Outro dia uma pessoa me perguntou: você vampiriza as pessoas que conhece para escrever seus textos?
Vampirizar é um verbo ao mesmo tempo charmoso, por invocar algo cinematográfico, e nefasto, pelo seu potencial destruidor. Não me soou bem, parecia que eu era um personagem de filme noir, uma maquiavélica toda vestida de preto, sedutora, disposta a arrancar o sangue dos meus interlocutores e devolvê-los à rua feito zumbis, ocos por dentro.
Disse a ela: claro que tudo que escuto aqui ou ali me serve de inspiração, a vida é minha matéria-prima, e não vivo isolada, minhas emoções são provocadas por gente com quem me relaciono e elas acabam incluídas no meu repertório criativo, mas...
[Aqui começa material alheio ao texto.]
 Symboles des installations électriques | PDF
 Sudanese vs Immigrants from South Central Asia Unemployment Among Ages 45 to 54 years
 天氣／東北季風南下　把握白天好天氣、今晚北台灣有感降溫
Ah, o mas. Mas não exponho ninguém de forma maldosa, narro as situações com alguns acréscimos fictícios, não entrego nomes nem detalhes identificáveis – respeito a discrição alheia, e a minha, inclusive.
A não ser que seja um elogio público, aí quem não gosta de ser citado?
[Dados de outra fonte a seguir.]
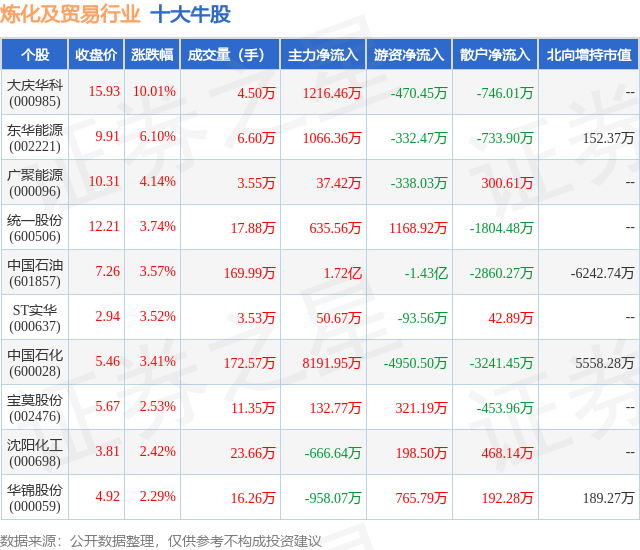 1月24日炼化及贸易行业十大牛股一览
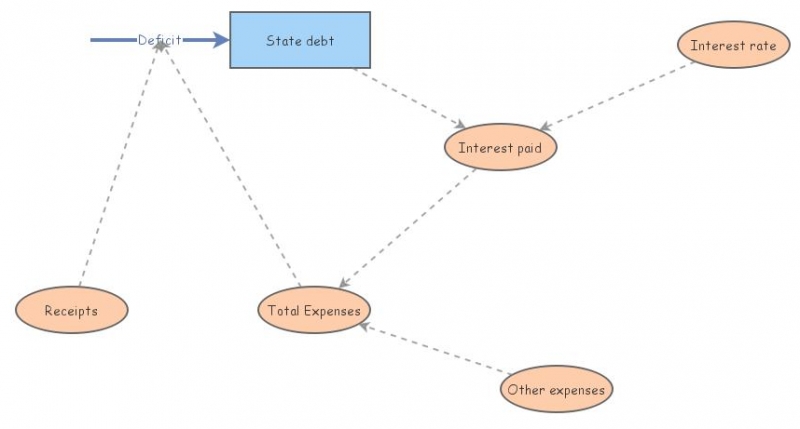 Bank System | Insight Maker
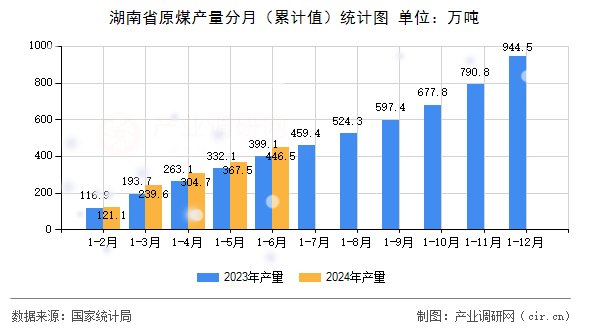 湖南省原煤產量分月（累計值）統計圖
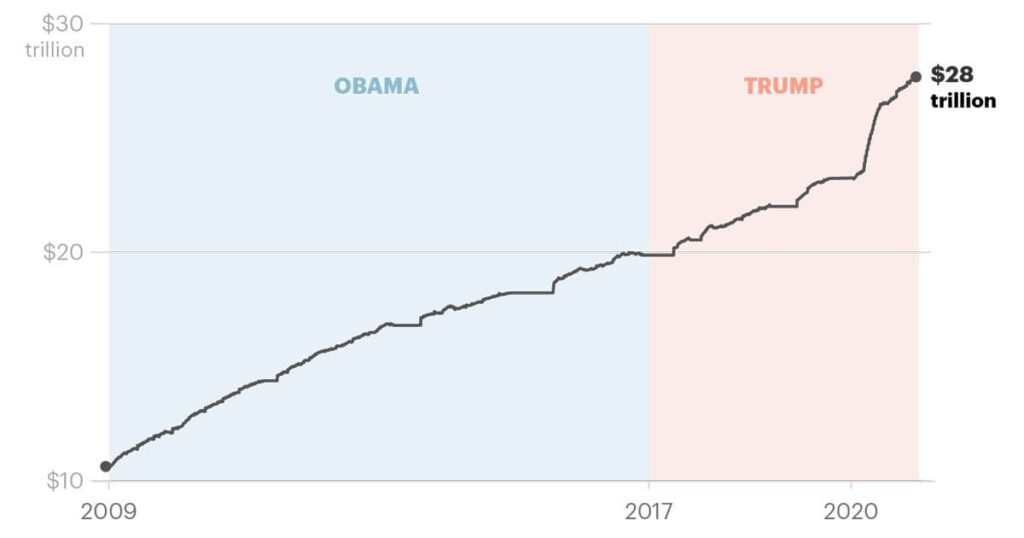 ドナルド・トランプは（パンデミック以前から）国家債務を膨大に積み上げており、それが何年にもわたって経済を圧迫することになるだろう
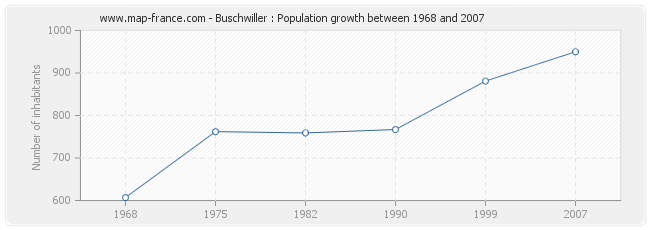 Population Buschwiller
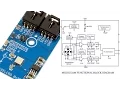 Raspberry Pi MXC6232xM Low Power Dual Axis Accelerometer Java Tutorial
Lembro uma entrevista de uma importante compositora e cantora. O entrevistador perguntou se ela já havia transado com alguém só para extrair da transa uma música. Ela respondeu que não, mas que era inevitável que as coisas se misturassem, e contou que certa vez estava saindo com um cafajeste e ligou para uma amiga dizendo: "Ele foi embora! Ele me deixou!". A amiga interrompeu e perguntou: "Quantas canções?" A cantora respondeu: "Não fale assim, ele me deixou, isso é horrível!" A amiga insistiu: "Quantas canções?" A cantora respondeu: "Três". A amiga: "Ótimo, nós amamos esse cara".
É isso. Para o bem e para o mal, tudo o que o artista sente é processado e traduzido de alguma forma para as obras que cria. Sorte da plateia.
Nós amamos todas as garotas que fizeram os Beatles comporem She Loves You, I Want to Hold Your Hand e Oh, Darling. Todos os homens que piraram Tina Turner e Janis Joplin. Todos os pais opressivos de rebeldes que fugiram de casa e transformaram sua errância em acordes de guitarra. Todos os amigos que traíram Eric Clapton, todas as amantes de Mick Jagger, todos os sanguessugas com quem Billie Holiday e Amy Winehouse se meteram, todos os desalmados que fizeram Cazuza e Renato Russo atravessarem madrugadas curtindo uma fossa e rabiscando versos em guardanapos. Sem falar nos quadros, filmes e livros que nasceram de desavenças familiares, vinganças entre guetos, distúrbios emocionais inspirados por mães indiferentes.
Não há autor que não se abasteça da própria experiência e exorcize sua dor com o seu talento. Se isso é vampirismo, só nos resta erguer um altar para quem entrou com o pescoço.